Julián sonríe. Se abrazan fuerte. Yo me hago a un lado, como si no perteneciera a ese momento. Pero antes de irme, el señor Julián me llama con la mano.
— No sé tu nombre — dice, con voz bajita.
— Me llamo Clara.
— Clara… gracias. Me quedé pensando que si tú no estabas… yo tal vez no estaría. ¿Por qué hiciste eso?
Me toma por sorpresa. No sé qué responder. Al final, le digo lo único que me sale del alma:
— Porque si fuera mi abuelo, me gustaría que alguien se quedara.
Luis me mira con los ojos húmedos.
— No sé cómo agradecerte.
— No es necesario — digo —. Solo llévalo con cuidado. Que no vuelva a viajar solo, ¿sí?
Nos reímos.
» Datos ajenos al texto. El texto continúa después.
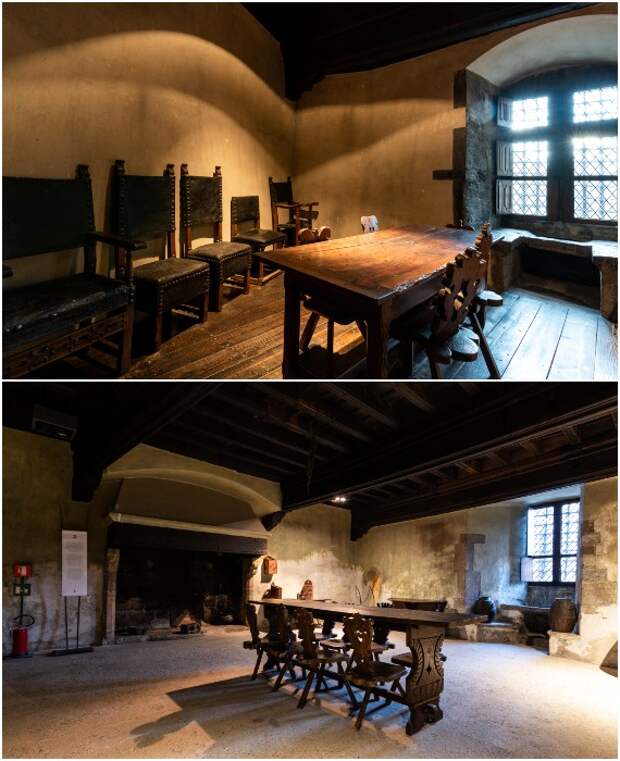 Антикварную мебель собирали по всей Италии, чтобы интерьеры старинного замка соответствовали эпохе (Castello di Fenis, Италия).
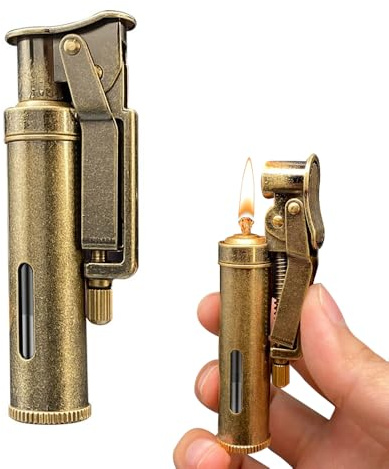 KUWUNG Encendedor de Gasolina Portátil Vintage de Queroseno, Mechero de Latón, Encendedor Antiguo de Trinchera a Prueba de Viento Reutilizable (Keroseno No Incluido)
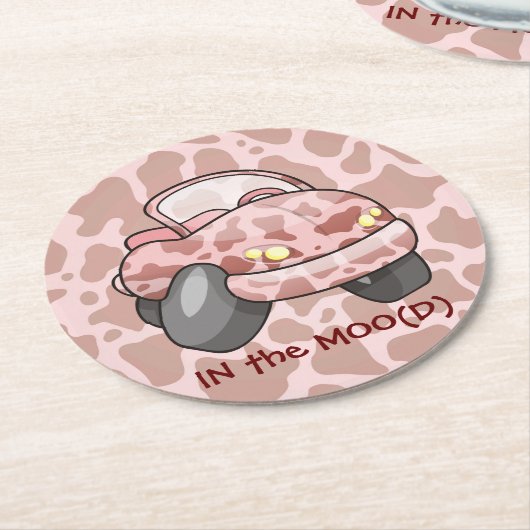 Moo Car Ronde Kartonnen Onderzetter (Gebogen)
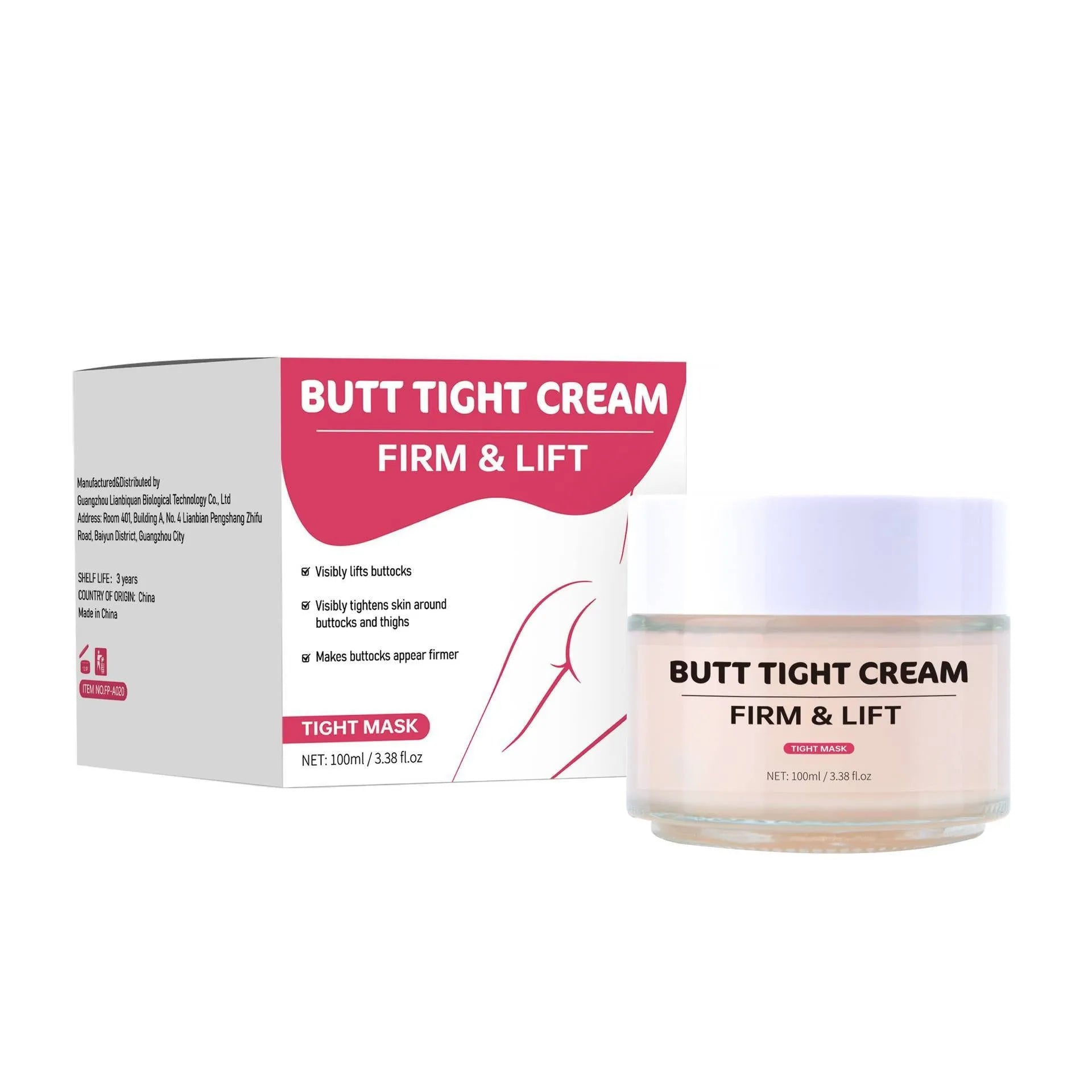 100ml jar of hip tightening cream for body contouring and firming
Me ofrecen llevarme a casa, pero prefiero quedarme un rato más. Camino hacia los mostradores de aerolíneas, veo los tableros cambiar destinos: Cancún, Monterrey, Tijuana…
Pero yo no tengo prisa. Perdí un vuelo, sí. Pero gané algo que no sé cómo nombrar. Una pequeña certeza: a veces vale la pena quedarse.
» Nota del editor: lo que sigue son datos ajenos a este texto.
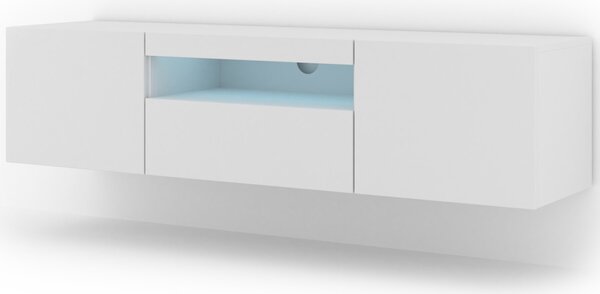 ТВ шкаф AURA 150 стоящ/окачен, бял мат, LED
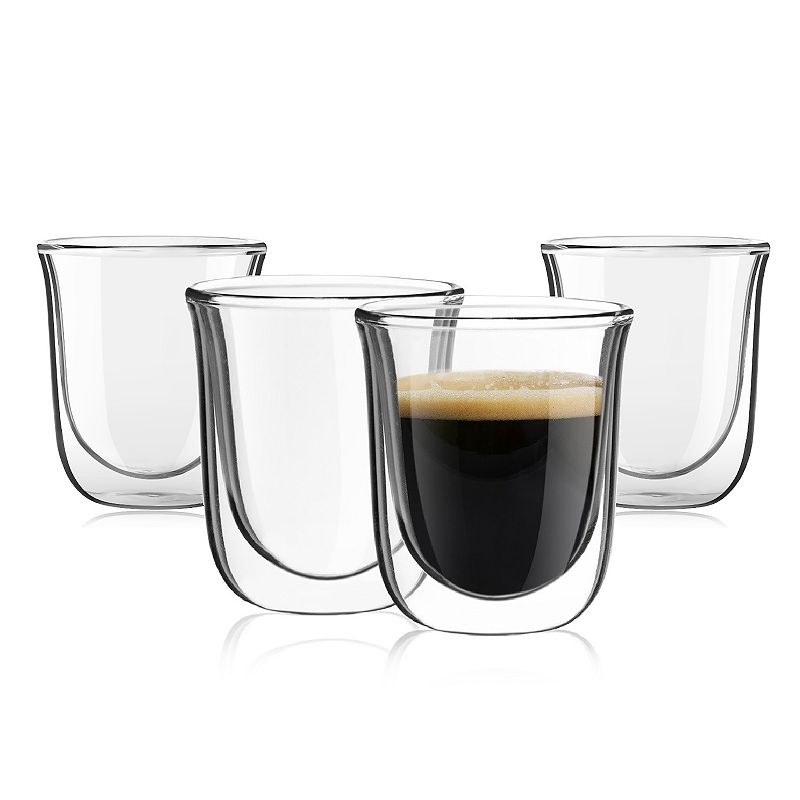 JoyJolt Javaah 4-pc. Double Wall Insulated Espresso Glass Set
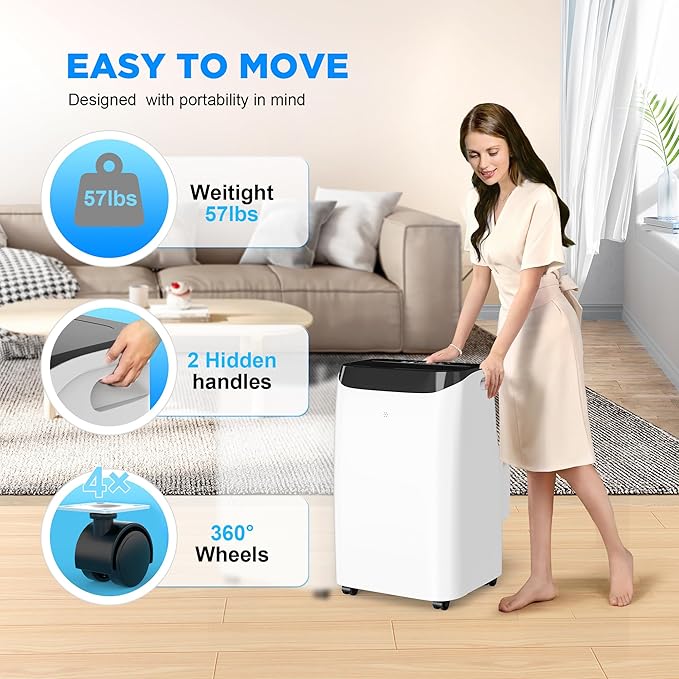 12000 BTU Portable Air Conditioners with Remote Control, 3-in-1 Free Standing Cooling AC Unit with Fan & Dehumidifier, Cools Room up to 500 sq.ft, Smart/Sleep Mode,3 Speed,24H Timer,Window Kit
Unas semanas después, recibo una carta. Es de Julián. Está escrita con letra temblorosa.
*Clara:
Espero que estés bien. Te escribo desde casa de Luis. Ya me cocina, me regaña y hasta me enseña a usar el WhatsApp. Solo quería decirte que no me olvido de ti. Gracias por no seguir caminando como todos los demás. Ojalá algún día pueda devolverte un poquito de lo que me diste: tiempo, calor y compañía.
Con cariño,
Julián.*
Guardo la carta en mi mochila. Al fondo, en un compartimento pequeño, junto a la tarjeta de embarque que nunca usé. La dejo ahí como recordatorio:
A veces, el asiento más importante no es el que te lleva lejos, sino el que te hace quedarte.